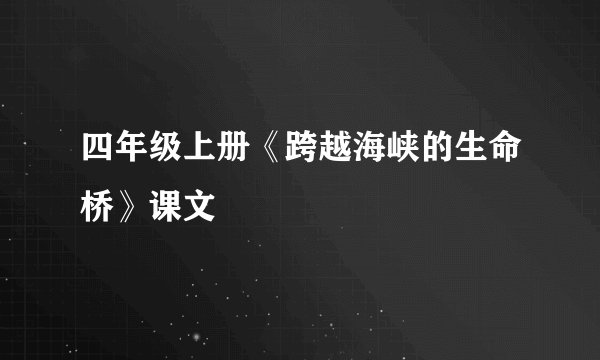 四年级上册《跨越海峡的生命桥》课文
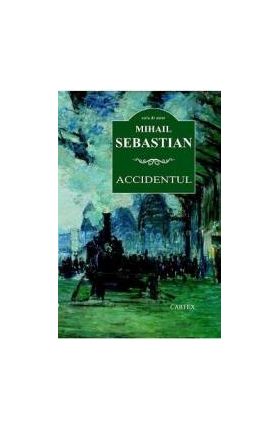 Accidentul ed. 2016 - Mihail Sebastian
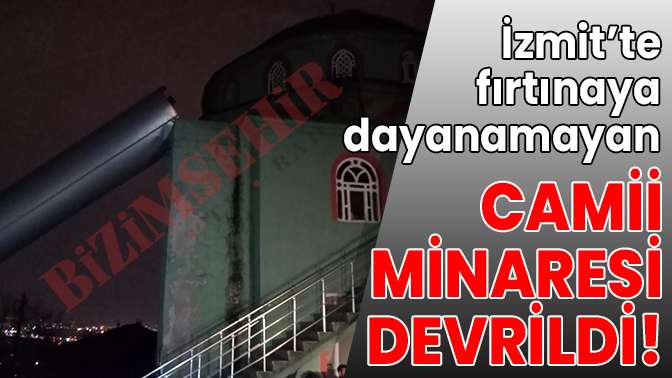 İzmitte minare devrildi!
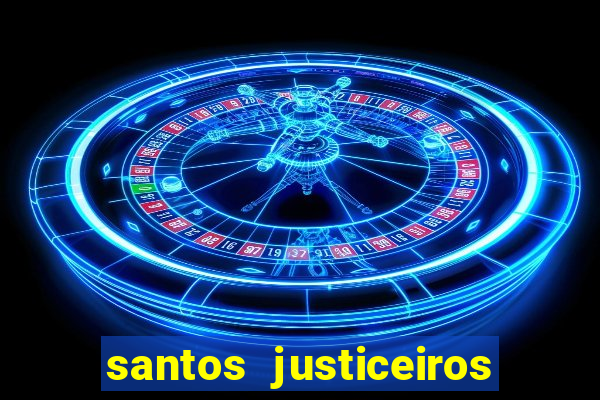 santos justiceiros 2 dublado torrent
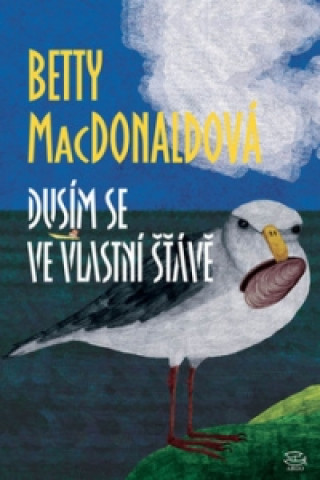 Kniha Dusím se ve vlastní šťávě Betty MacDonald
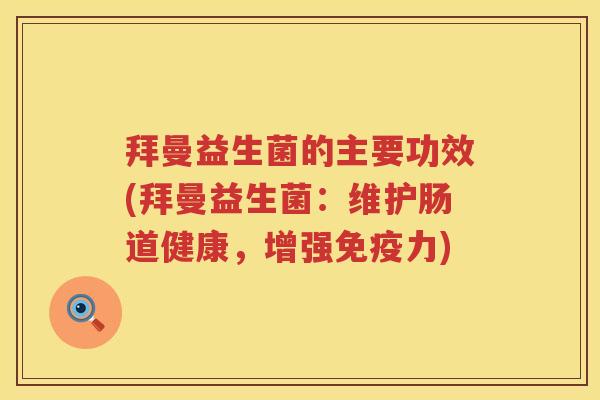 拜曼益生菌的主要功效(拜曼益生菌:维护肠道健康,增强力) 拜曼益生菌的主要功效(拜曼益生菌:维护肠道健康,增强力)
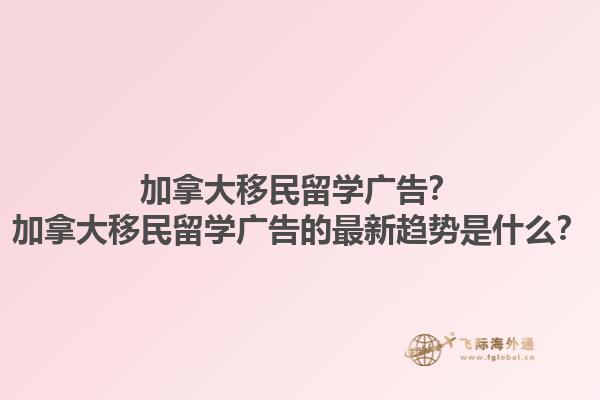 加拿大移民留学广告？加拿大移民留学广告的最新趋势是什么？1.jpg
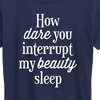 Women's - Instant Message - How Dare You Interrupt Sleep Short Sleeve Graphic T-Shirt - 2 of 4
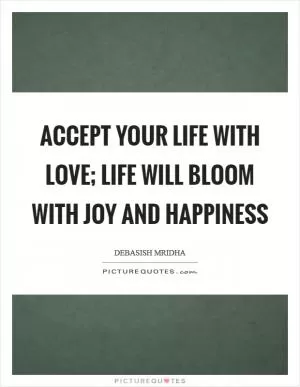 Accept your life with love; life will bloom with joy and happiness Picture Quote #1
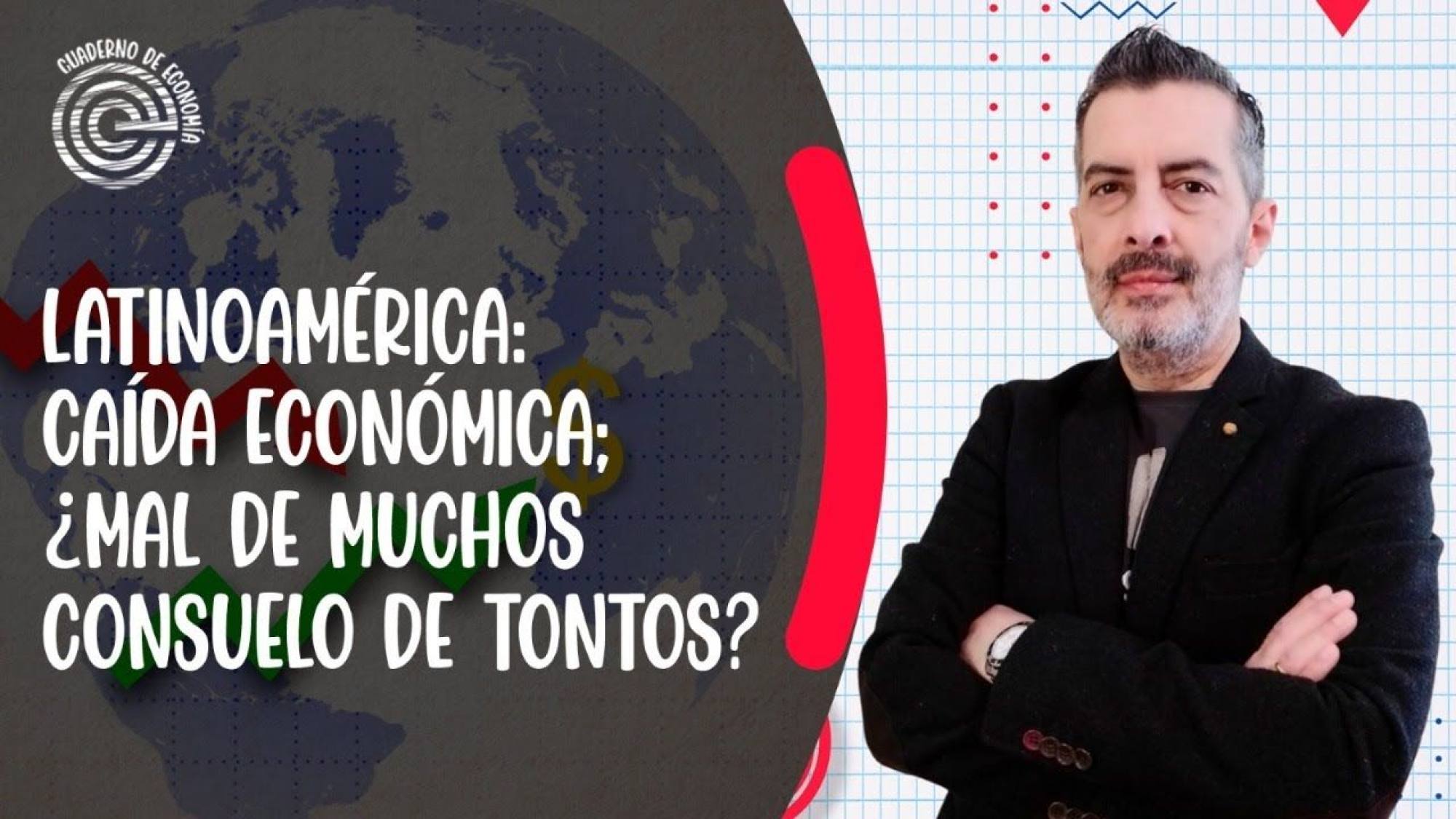 Latinoamérica: caída económica; ¿mal de muchos consuelo de tontos?, Epicentro TV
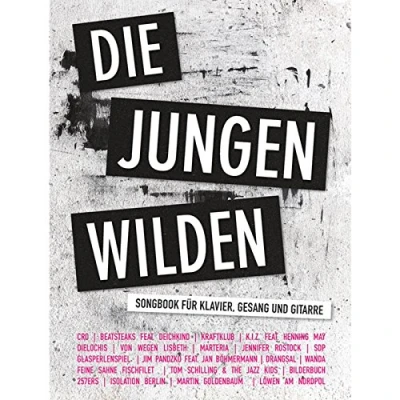 Abbildung von Die Jungen Wilden: Songbook für Klavier, Gesang, Gitarre: Gesang und Gitarre
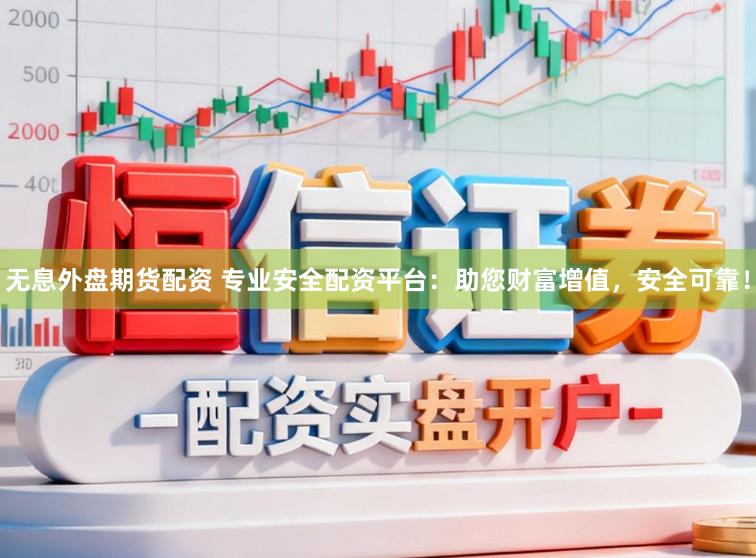 无息外盘期货配资 专业安全配资平台：助您财富增值，安全可靠！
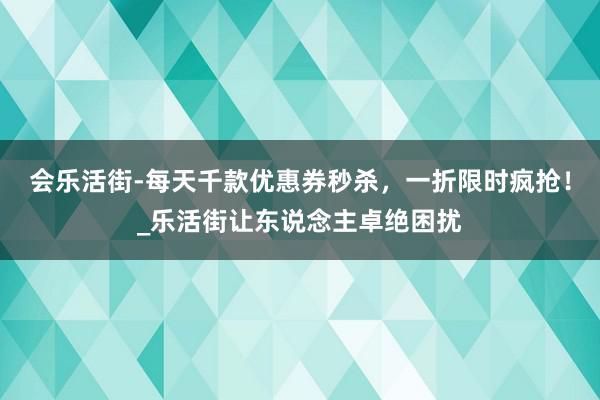 会乐活街-每天千款优惠券秒杀,一折限时疯抢!_乐活街让东说念主卓绝困扰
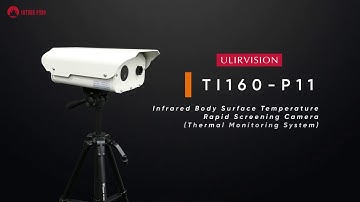 Ulirvision TI160-P11 : Footage Video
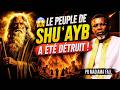 😱 LE PEUPLE DE SHUʿAYB A ÉTÉ DÉTRUIT !par Professeur Madiama Fall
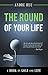 The Round of Your Life by Andre Huu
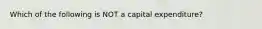 Which of the following is NOT a capital expenditure?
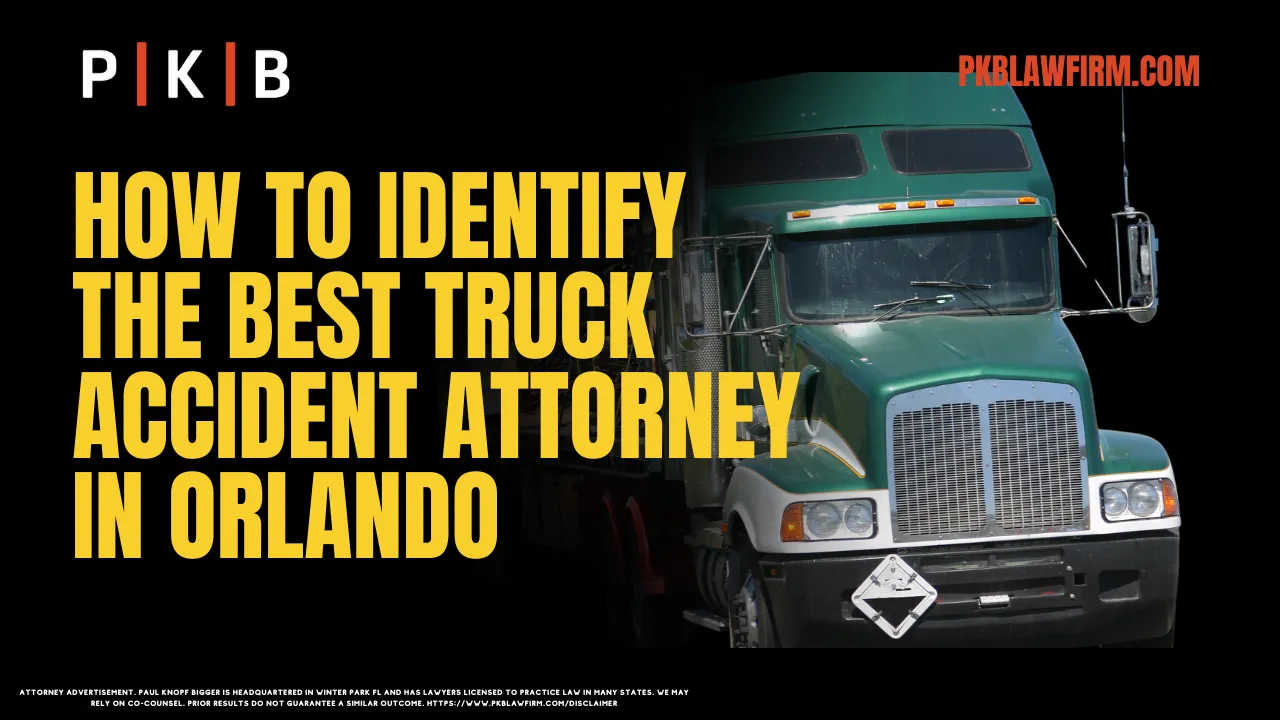 When you or a loved one has been involved in a truck accident, selecting the best truck accident attorney in Orlando is crucial. Truck accidents often result in severe injuries, significant property damage, and emotional distress. At Paul | Knopf | Bigger, we understand how overwhelming this process can be, and we are committed to helping you secure the justice and compensation you deserve. With this comprehensive guide, we aim to help you identify the top attorney to handle your case.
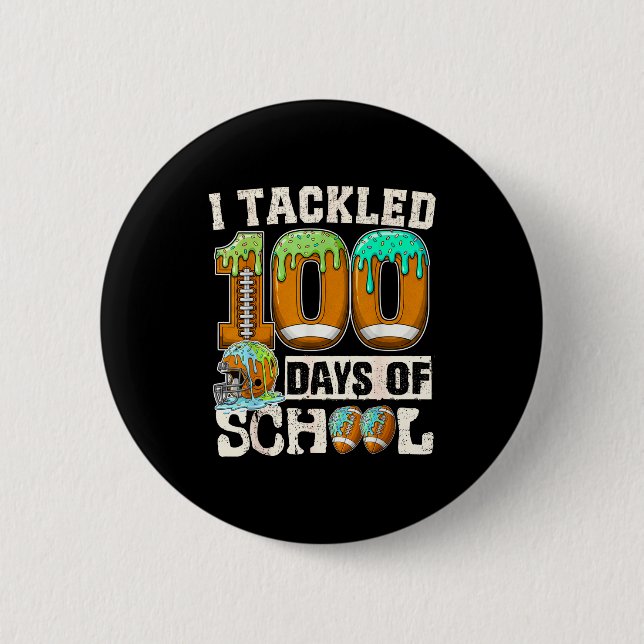 Badge Rond 5 Cm I Tackled 100 Days Of School Football Ice Cream Dr (Devant)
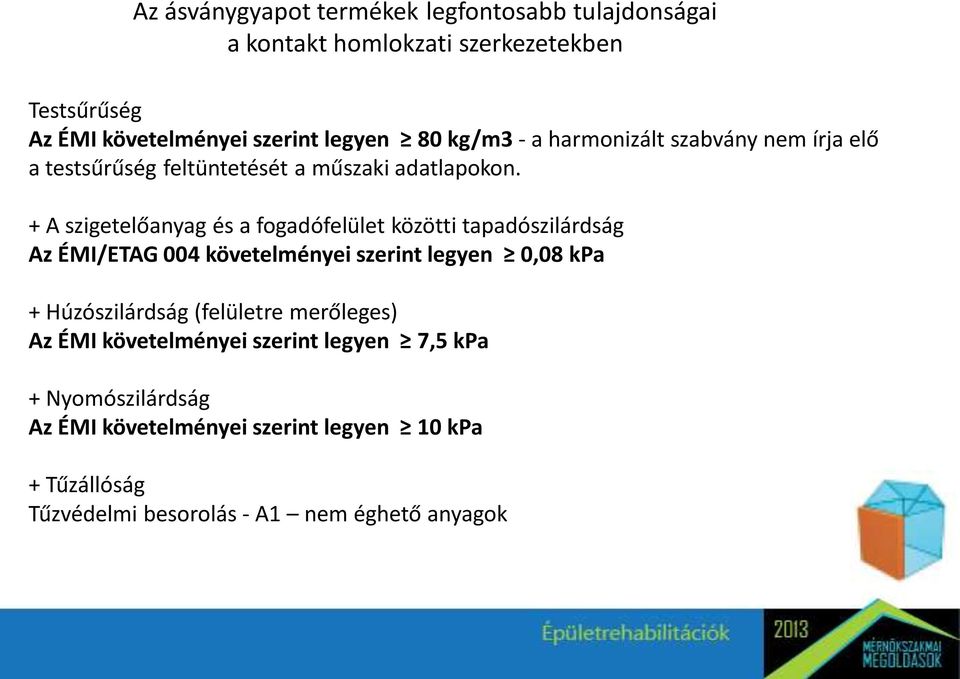 + A szigetelőanyag és a fogadófelület közötti tapadószilárdság Az ÉMI/ETAG 004 követelményei szerint legyen 0,08 kpa + Húzószilárdság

= = = = =

## WORK TASK
Your reply should consist solely of the lines above from the line containing "加拿大移民留学广告？加拿大移民留学广告的最新趋势是什么？1.jpg" up to and including the line containing "Abbildung von Die", reproduced exactly, minus the pictures.

## RESPONSE
 加拿大移民留学广告？加拿大移民留学广告的最新趋势是什么？1.jpg
 Women's - Instant Message - How Dare You Interrupt Sleep Short Sleeve Graphic T-Shirt - 2 of 4
 Accept your life with love; life will bloom with joy and happiness Picture Quote #1
 Latinoamérica: caída económica; ¿mal de muchos consuelo de tontos?, Epicentro TV
 Abbildung von Die Jungen Wilden: Songbook für Klavier, Gesang, Gitarre: Gesang und Gitarre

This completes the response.